Lire que la pleine conscience serait une manière d’être en relation avec sa propre expérience est édifiant : tout converge vers un indigeste salmigondis où quelque mot sanskrit affectera de conférer quelque profondeur à cet horrible galimatias tout juste bon pour quelques bonimenteurs de foire d'automne prompts à vanter leur camelote devant un aréopage de badauds gogos ivres d'emphases.

Laissons cela, cette intempérance passera comme toutes les logorrhées.

Car derrière d'autres questions

La morale : qui ?

Quand j'essaie de comprendre mon agacement devant ce qui continue à me paraître usurpation, je dois bien en même temps concéder n'avoir pas de réponse à la question : qui est le plus compétent pour parler de morale ou de sagesse ?

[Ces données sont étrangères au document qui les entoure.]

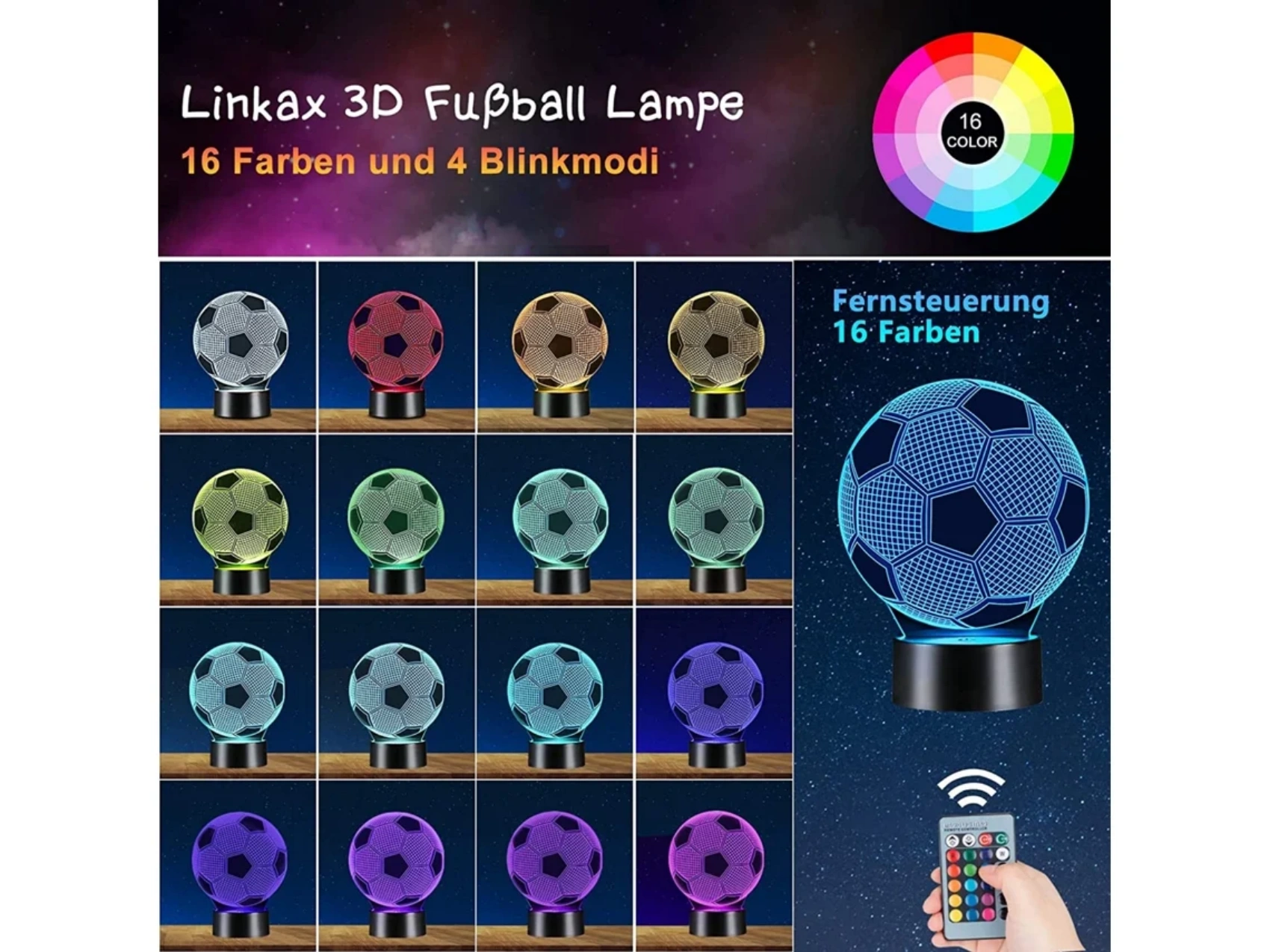 16 Fußball-Lampen in verschiedenen Farben und ein Controller werden gezeigt.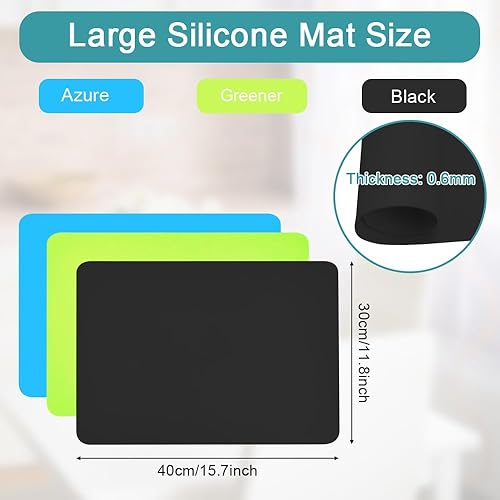 SLTAXAR 3 PCS Tapis Silicone Résine 30*40cm Antiadhésif pour Cuisine, Peinture et Bricolage - Tapis de Table Antidérapant - Nail Gallerys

Sans doute la question est-elle intimement liée à la conception que l'on se fait de celle-ci :

Tout est là, posé sur la table ! Considérer la morale, la valeur, et donc aussi l'épanouissement, la conscience etc, tous ces termes galvaudés par les modèles managériaux, comme un simple outil de gestion coordonnée des intérêts. Ce qui se niche là dessous, comme derrière l'utilitarisme qui le sous-tend, c'est non pas tenter de rendre l'homme vertueux, mais tâcher seulement à ce que ses actes semblent l'être par l'injonction de l'intérêt bien calculé, bien entendu. En réalité, cette gouvernance dont rêvent ces sycophantes de la vertu participe moins du gouvernement des hommes que de la saine gestion des choses. Dit autrement, à une réification délibérée de l'humain, tout juste travestie d'humanisme new-age …

Mais alors qui ?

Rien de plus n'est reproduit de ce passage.